Kerry and other Wardell locals were left devastated when flooding rose three metres above the 2017 water level record at the start of March 2022.

Ms Storton was lucky to evacuate before floodwaters rose to dangerous levels, while others became stranded inside their homes.

“I stayed with friends who sort of adopted me when we thought it was gonna get nasty,” she said.

She never expected that almost a year on from that fateful day she would still be shifting from house to house sleeping on friends’ couches.

Social Futures chief executive Tony Davies said it was hard to get a picture of how many people were living like this.

“It could be hundreds, it might be thousands,” he said.

“We all have friends in a situation like that, some of our staff are, it’s still so widespread.”

Social Futures has helped connect flood survivors with essential services, and the regional community services provider is now reporting a new wave of people who are asking for help.

“That feeling of being in limbo is absolutely the biggest and most consistent picture that we’re seeing in the region, that there’s still a very high level of uncertainty around what will happen with housing,” Mr Davies said.

In December, Ms Storton applied for one of about 500 housing “pods” funded by the NSW government, but by the end of January she still hadn’t received an update.

“I said to her, look things have changed and I need to get in urgently,” she recalled telling a service provider.

“It’s got to a point now where I need to start finding my own place for (my friends’) sanity and mine.”

Ms Storton spends most afternoons on the phone waiting on hold for answers to the endless list of questions about when and where she will be able to find a home.
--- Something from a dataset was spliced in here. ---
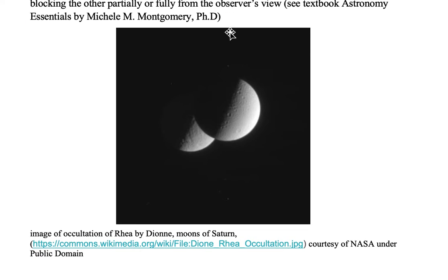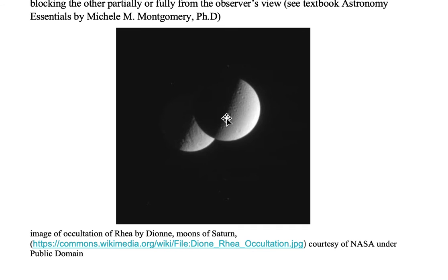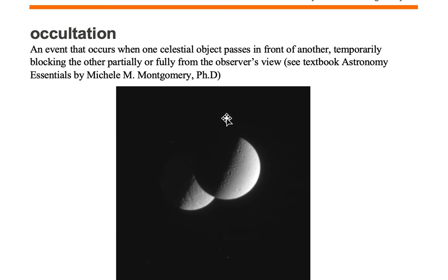Here we're looking at an occultation of Rhea by Dionne, both of which are moons of Saturn. As you can see, Rhea is partially blocked by Dionne. The event is an occultation.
“By the time you get to the fourth phone call, you’re feeling frustrated,” she said.

In the meantime, the 52-year-old’s home in Wardell appears frozen in time.

“I’m effectively where I was a week after we could get back in and clean out in the middle of March. I haven’t progressed at all,” she said.

More than 6500 people have applied to have their houses repaired, raised or sold back to the government, according to the Northern Rivers Reconstruction Corporation.

The housing crisis has created a vicious cycle of delays. A severe lack of housing has shrunk the amount of tradespeople and case workers living in the region and in turn slowed down the delivery of vital services.

“There are still so many houses that are not liveable which equates to more and more people that need housing,” she said.

“It’s shocking that it’s taken twelve months to not organise anything.”

Mr Davies said the government had allocated significant funds to recovery, but he would have hoped survivors had more certainty a year on.

“The mechanisms as they currently stand are ineffective in an acute crisis and we need to find a way to step aside from business as usual government to enable rapid decisions to be made,” he said.

“Government needs to get cracking, stop talking and start building more social and affordable housing and they have to absolutely prioritise the Northern Rivers.”

Disaster Welfare rang Ms Storton back this week and confirmed she had been approved for up to 14 days of emergency accommodation somewhere near Ballina. She will need to be reassessed at the end of the fortnight.

It also confirmed that she has been approved for a housing pod but there were none available in her region.

“It’s a mixed blessing, as it could mean I am living in a motel room for a year, which is not appealing,” she said.

“At this stage, I’m planning on at least another year out of the house.”